▸ GIVEN RECORDS
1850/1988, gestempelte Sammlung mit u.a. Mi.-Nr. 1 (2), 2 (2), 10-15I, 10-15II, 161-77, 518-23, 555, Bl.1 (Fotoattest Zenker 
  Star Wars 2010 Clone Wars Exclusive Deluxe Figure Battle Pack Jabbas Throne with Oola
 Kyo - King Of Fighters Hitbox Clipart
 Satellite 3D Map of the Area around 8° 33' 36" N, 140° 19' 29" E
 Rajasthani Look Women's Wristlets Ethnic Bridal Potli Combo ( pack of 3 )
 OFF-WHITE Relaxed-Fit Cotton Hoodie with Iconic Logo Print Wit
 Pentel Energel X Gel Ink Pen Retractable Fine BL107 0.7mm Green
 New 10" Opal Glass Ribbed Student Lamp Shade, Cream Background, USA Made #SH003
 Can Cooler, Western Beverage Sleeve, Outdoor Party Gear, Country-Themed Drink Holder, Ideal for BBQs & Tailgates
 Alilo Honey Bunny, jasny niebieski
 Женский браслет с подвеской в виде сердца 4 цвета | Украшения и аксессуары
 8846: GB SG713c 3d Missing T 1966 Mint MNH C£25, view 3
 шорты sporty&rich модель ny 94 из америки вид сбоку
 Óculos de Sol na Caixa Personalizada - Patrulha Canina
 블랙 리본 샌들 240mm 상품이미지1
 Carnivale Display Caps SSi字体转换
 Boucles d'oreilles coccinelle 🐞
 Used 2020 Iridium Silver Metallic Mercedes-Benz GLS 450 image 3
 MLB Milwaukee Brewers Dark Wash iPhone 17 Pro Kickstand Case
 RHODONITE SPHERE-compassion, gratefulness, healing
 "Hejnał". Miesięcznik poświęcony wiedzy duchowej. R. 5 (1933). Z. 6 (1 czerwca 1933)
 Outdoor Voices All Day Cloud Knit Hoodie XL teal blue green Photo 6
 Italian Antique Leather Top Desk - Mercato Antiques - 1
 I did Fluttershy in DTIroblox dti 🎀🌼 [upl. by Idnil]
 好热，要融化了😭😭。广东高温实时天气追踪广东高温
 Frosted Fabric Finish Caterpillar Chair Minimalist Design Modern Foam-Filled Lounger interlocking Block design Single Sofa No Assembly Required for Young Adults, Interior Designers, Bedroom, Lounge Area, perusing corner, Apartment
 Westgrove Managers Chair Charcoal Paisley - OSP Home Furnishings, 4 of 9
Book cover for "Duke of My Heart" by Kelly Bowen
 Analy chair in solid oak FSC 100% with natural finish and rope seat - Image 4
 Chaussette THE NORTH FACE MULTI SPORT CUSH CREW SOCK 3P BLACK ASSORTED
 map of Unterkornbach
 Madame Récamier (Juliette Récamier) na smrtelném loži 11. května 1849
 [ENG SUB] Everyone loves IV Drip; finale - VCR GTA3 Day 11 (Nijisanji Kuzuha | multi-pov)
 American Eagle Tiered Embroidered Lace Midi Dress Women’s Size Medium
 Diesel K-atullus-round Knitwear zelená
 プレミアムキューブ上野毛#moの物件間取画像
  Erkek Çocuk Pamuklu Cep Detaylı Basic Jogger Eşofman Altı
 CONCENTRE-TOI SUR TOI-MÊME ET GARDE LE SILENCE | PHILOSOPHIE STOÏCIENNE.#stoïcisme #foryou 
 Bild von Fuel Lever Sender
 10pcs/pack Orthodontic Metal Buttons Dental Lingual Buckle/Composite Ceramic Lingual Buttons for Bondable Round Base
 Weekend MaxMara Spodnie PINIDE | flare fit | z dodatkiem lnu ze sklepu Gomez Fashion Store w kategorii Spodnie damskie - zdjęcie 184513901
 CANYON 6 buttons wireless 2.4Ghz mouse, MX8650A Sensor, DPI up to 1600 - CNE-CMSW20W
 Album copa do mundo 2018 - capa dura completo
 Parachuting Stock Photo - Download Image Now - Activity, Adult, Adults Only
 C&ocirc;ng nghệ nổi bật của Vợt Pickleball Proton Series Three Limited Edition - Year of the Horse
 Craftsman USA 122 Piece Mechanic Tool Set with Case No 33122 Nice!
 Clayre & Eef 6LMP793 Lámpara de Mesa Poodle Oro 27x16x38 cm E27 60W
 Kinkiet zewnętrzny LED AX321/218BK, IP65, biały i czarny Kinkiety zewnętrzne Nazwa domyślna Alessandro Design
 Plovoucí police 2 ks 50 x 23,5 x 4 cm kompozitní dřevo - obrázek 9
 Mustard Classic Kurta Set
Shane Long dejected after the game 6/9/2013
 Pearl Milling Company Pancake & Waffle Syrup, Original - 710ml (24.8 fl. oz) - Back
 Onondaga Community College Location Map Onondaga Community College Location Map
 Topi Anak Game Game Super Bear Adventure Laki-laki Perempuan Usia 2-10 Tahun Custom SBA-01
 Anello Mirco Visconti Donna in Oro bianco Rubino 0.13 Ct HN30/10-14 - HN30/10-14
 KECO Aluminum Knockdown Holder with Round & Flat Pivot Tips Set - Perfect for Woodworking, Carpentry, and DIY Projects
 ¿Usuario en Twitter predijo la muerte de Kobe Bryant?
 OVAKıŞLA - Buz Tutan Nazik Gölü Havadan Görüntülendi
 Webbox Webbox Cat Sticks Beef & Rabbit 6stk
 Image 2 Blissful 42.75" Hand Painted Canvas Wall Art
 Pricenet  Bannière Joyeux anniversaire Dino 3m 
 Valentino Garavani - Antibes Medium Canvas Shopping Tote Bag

▸ TASK DIRECTIONS
Your job is to output all of the material exactly.

▸ YOUR SOLUTION
1850/1988, gestempelte Sammlung mit u.a. Mi.-Nr. 1 (2), 2 (2), 10-15I, 10-15II, 161-77, 518-23, 555, Bl.1 (Fotoattest Zenker 
  Star Wars 2010 Clone Wars Exclusive Deluxe Figure Battle Pack Jabbas Throne with Oola
 Kyo - King Of Fighters Hitbox Clipart
 Satellite 3D Map of the Area around 8° 33' 36" N, 140° 19' 29" E
 Rajasthani Look Women's Wristlets Ethnic Bridal Potli Combo ( pack of 3 )
 OFF-WHITE Relaxed-Fit Cotton Hoodie with Iconic Logo Print Wit
 Pentel Energel X Gel Ink Pen Retractable Fine BL107 0.7mm Green
 New 10" Opal Glass Ribbed Student Lamp Shade, Cream Background, USA Made #SH003
 Can Cooler, Western Beverage Sleeve, Outdoor Party Gear, Country-Themed Drink Holder, Ideal for BBQs & Tailgates
 Alilo Honey Bunny, jasny niebieski
 Женский браслет с подвеской в виде сердца 4 цвета | Украшения и аксессуары
 8846: GB SG713c 3d Missing T 1966 Mint MNH C£25, view 3
 шорты sporty&rich модель ny 94 из америки вид сбоку
 Óculos de Sol na Caixa Personalizada - Patrulha Canina
 블랙 리본 샌들 240mm 상품이미지1
 Carnivale Display Caps SSi字体转换
 Boucles d'oreilles coccinelle 🐞
 Used 2020 Iridium Silver Metallic Mercedes-Benz GLS 450 image 3
 MLB Milwaukee Brewers Dark Wash iPhone 17 Pro Kickstand Case
 RHODONITE SPHERE-compassion, gratefulness, healing
 "Hejnał". Miesięcznik poświęcony wiedzy duchowej. R. 5 (1933). Z. 6 (1 czerwca 1933)
 Outdoor Voices All Day Cloud Knit Hoodie XL teal blue green Photo 6
 Italian Antique Leather Top Desk - Mercato Antiques - 1
 I did Fluttershy in DTIroblox dti 🎀🌼 [upl. by Idnil]
 好热，要融化了😭😭。广东高温实时天气追踪广东高温
 Frosted Fabric Finish Caterpillar Chair Minimalist Design Modern Foam-Filled Lounger interlocking Block design Single Sofa No Assembly Required for Young Adults, Interior Designers, Bedroom, Lounge Area, perusing corner, Apartment
 Westgrove Managers Chair Charcoal Paisley - OSP Home Furnishings, 4 of 9
Book cover for "Duke of My Heart" by Kelly Bowen
 Analy chair in solid oak FSC 100% with natural finish and rope seat - Image 4
 Chaussette THE NORTH FACE MULTI SPORT CUSH CREW SOCK 3P BLACK ASSORTED
 map of Unterkornbach
 Madame Récamier (Juliette Récamier) na smrtelném loži 11. května 1849
 [ENG SUB] Everyone loves IV Drip; finale - VCR GTA3 Day 11 (Nijisanji Kuzuha | multi-pov)
 American Eagle Tiered Embroidered Lace Midi Dress Women’s Size Medium
 Diesel K-atullus-round Knitwear zelená
 プレミアムキューブ上野毛#moの物件間取画像
  Erkek Çocuk Pamuklu Cep Detaylı Basic Jogger Eşofman Altı
 CONCENTRE-TOI SUR TOI-MÊME ET GARDE LE SILENCE | PHILOSOPHIE STOÏCIENNE.#stoïcisme #foryou 
 Bild von Fuel Lever Sender
 10pcs/pack Orthodontic Metal Buttons Dental Lingual Buckle/Composite Ceramic Lingual Buttons for Bondable Round Base
 Weekend MaxMara Spodnie PINIDE | flare fit | z dodatkiem lnu ze sklepu Gomez Fashion Store w kategorii Spodnie damskie - zdjęcie 184513901
 CANYON 6 buttons wireless 2.4Ghz mouse, MX8650A Sensor, DPI up to 1600 - CNE-CMSW20W
 Album copa do mundo 2018 - capa dura completo
 Parachuting Stock Photo - Download Image Now - Activity, Adult, Adults Only
 C&ocirc;ng nghệ nổi bật của Vợt Pickleball Proton Series Three Limited Edition - Year of the Horse
 Craftsman USA 122 Piece Mechanic Tool Set with Case No 33122 Nice!
 Clayre & Eef 6LMP793 Lámpara de Mesa Poodle Oro 27x16x38 cm E27 60W
 Kinkiet zewnętrzny LED AX321/218BK, IP65, biały i czarny Kinkiety zewnętrzne Nazwa domyślna Alessandro Design
 Plovoucí police 2 ks 50 x 23,5 x 4 cm kompozitní dřevo - obrázek 9
 Mustard Classic Kurta Set
Shane Long dejected after the game 6/9/2013
 Pearl Milling Company Pancake & Waffle Syrup, Original - 710ml (24.8 fl. oz) - Back
 Onondaga Community College Location Map Onondaga Community College Location Map
 Topi Anak Game Game Super Bear Adventure Laki-laki Perempuan Usia 2-10 Tahun Custom SBA-01
 Anello Mirco Visconti Donna in Oro bianco Rubino 0.13 Ct HN30/10-14 - HN30/10-14
 KECO Aluminum Knockdown Holder with Round & Flat Pivot Tips Set - Perfect for Woodworking, Carpentry, and DIY Projects
 ¿Usuario en Twitter predijo la muerte de Kobe Bryant?
 OVAKıŞLA - Buz Tutan Nazik Gölü Havadan Görüntülendi
 Webbox Webbox Cat Sticks Beef & Rabbit 6stk
 Image 2 Blissful 42.75" Hand Painted Canvas Wall Art
 Pricenet  Bannière Joyeux anniversaire Dino 3m 
 Valentino Garavani - Antibes Medium Canvas Shopping Tote Bag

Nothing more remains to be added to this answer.